Task item: Output, exactly as written, the lines below starting at the line containing "WINKING SMILEY FACE KEY RING" and ending at the line containing "Juillet La Maiale". Drop the pictures and keep both end lines.

Input material:
☆ ☆ ☆ ☆ ☆

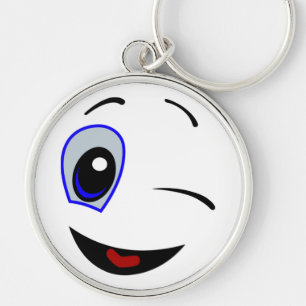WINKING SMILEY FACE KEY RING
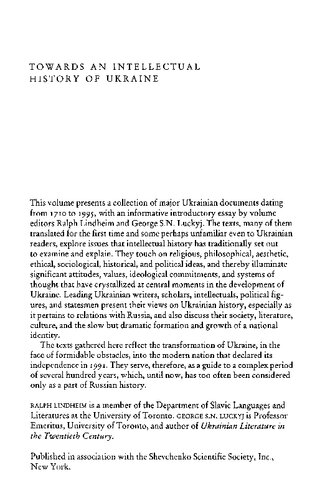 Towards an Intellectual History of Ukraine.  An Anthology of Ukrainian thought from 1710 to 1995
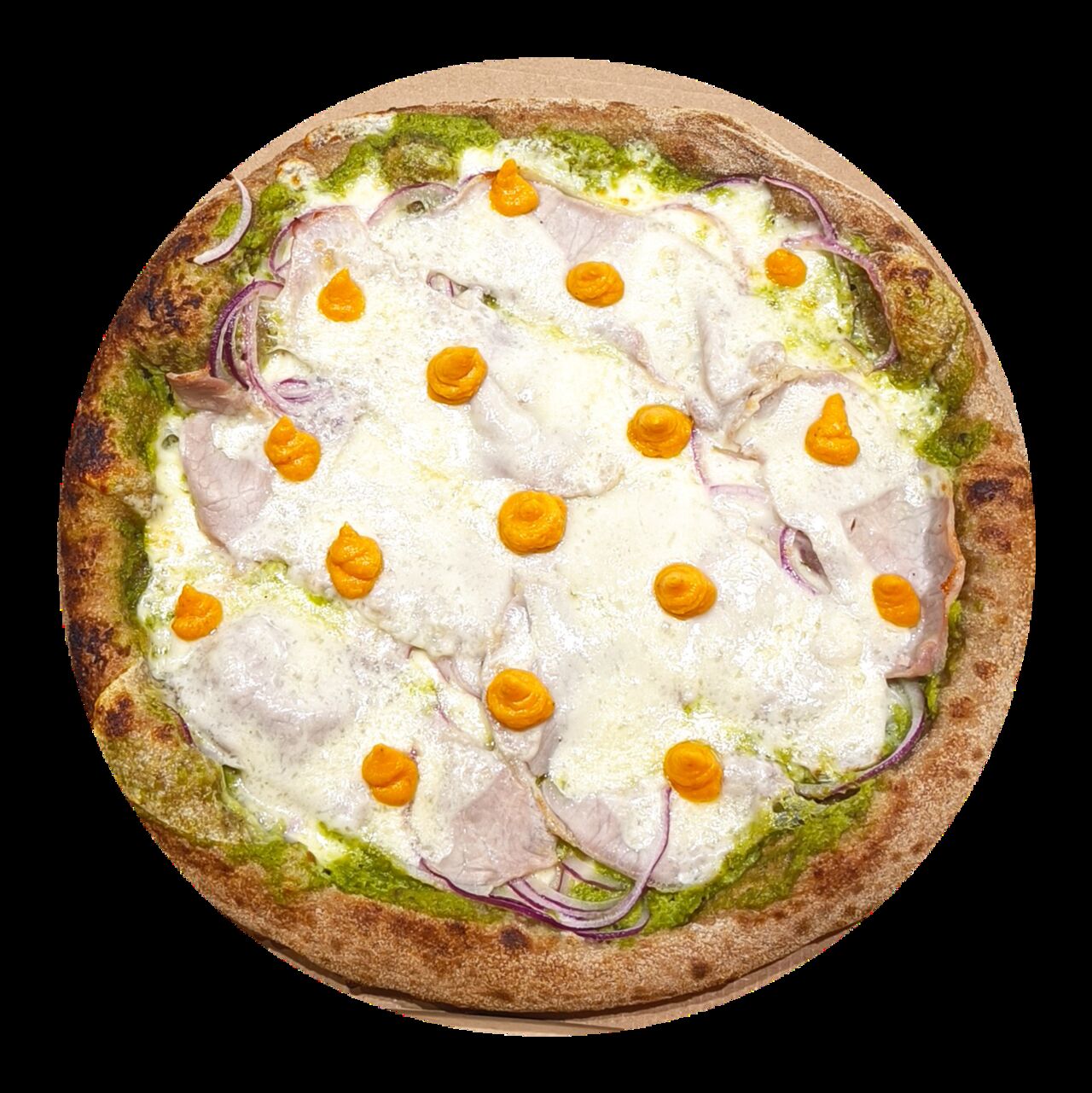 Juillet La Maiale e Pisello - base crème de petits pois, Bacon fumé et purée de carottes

☆ ☆ ☆ ☆ ☆

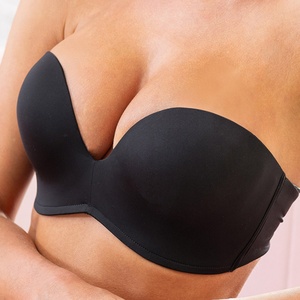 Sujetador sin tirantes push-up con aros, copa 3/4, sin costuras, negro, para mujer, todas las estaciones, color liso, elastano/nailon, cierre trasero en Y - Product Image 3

☆ ☆ ☆ ☆ ☆

Expected answer:
WINKING SMILEY FACE KEY RING
 Towards an Intellectual History of Ukraine.  An Anthology of Ukrainian thought from 1710 to 1995
 Juillet La Maiale e Pisello - base crème de petits pois, Bacon fumé et purée de carottes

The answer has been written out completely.